In this paper the Authors present the design of a high performance transputer based fault-tolerant multiprocessor system for critical applications such as aircraft control, nuclear power station control, satellite applications etc. Fault-tolerant building blocks designed with potential for real time processing. The systematic architecture, regularity and recursiveness enables the system to be more fault-tolerant. Real-time applications have to function correctly even in the presence of faults. Link failure of the network is deeply analysed with reliability analysis.

*Keywords:* Fault-tolerance, Real-time System, Multitransputer System, Parallel Processing, Reliability Analysis.

# I. INTRODUCTION

This design provides transparent protection from permanent module failures based on multiple modular redundancy.

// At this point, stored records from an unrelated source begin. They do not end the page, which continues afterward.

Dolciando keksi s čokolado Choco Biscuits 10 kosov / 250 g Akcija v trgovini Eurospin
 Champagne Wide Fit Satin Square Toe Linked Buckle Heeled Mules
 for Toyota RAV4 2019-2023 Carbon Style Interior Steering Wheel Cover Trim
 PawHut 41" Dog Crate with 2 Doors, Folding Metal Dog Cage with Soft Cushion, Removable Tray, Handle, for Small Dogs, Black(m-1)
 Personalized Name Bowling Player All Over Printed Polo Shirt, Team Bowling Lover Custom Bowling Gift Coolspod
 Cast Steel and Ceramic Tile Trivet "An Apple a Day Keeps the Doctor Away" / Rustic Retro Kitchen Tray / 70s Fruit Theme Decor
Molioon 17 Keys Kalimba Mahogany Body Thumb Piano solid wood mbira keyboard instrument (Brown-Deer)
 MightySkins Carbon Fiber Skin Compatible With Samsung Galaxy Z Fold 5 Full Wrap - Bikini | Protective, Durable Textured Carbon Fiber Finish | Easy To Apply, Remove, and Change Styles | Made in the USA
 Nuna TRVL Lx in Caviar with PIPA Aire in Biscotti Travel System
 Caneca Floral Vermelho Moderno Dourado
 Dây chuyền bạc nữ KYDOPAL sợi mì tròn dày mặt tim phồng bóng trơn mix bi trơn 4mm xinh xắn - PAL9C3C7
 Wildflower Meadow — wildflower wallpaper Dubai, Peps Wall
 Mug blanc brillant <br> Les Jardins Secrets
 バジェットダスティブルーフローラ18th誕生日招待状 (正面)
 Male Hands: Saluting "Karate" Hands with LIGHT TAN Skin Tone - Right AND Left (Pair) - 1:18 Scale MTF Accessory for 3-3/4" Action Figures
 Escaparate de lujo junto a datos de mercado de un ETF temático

Though, transporter is a link based processor, it is easy to design a parallel machine that encapsulate acceptance testing, fault masking, reconfiguring the network. The authors presented a modular based fault-tolerance technique new comprising a single module comprising of four IMS T800 transputer for real fault tolerant mechanism interconnecting the four bidirectional links of each module. One line of each module dedicated to link adaptor for I/O to peripheral instruments. The reference becomes crazy due to permanent faults, transient faults, software faults, operation errors etc. Hardware faults due to memory crazy and short circuiting etc.[1],[2] and errors due to information failure[2]. Faults due to severe environmental conditions includes the transient faults[1]. To challenge the above fault scenario, multilink processor[18] is preferred while designing the network.

The design aims at observing

- 1. Tolerance against intentionally injected faults
- 2. Tolerance against faulty modules or identical processor in the network of processors.

Hence, the present transputing systems provides dynamic fault recovery applications in MIMD architecture[3]. The multiple link mechanism is adopted for better group communication[4] in the network.

## **II. TRANSPUTER OVERVIEW**

The IMS T800 transputer is a 32 bit CMOS microcomputer with a 64 bit floating point unit and graphics support. It has 4 kbytes on-chip RAM for high speed processing, a configurable memory interface and four standard INMOS communication links. The instruction set achieves efficient implementation of high level languages and provides direct support for the Occam model of concurrency when using either a single transputer or a network. Procedure calls, process switching and typical interrupt latency are sub-microsecond. For convenience of description, the IMS T800 operation is split into the basic blocks shown in Fig. 1.

The processor speed of a device can be pinselected in stages from 17.5 MHz up to the maximum allowed for the part. A device running at 30 MHz achieves an instruction throughput of 30 MIPS peak and 15 MIPS sustained. The extended temperature version of the device complies with MIL-STD-883C.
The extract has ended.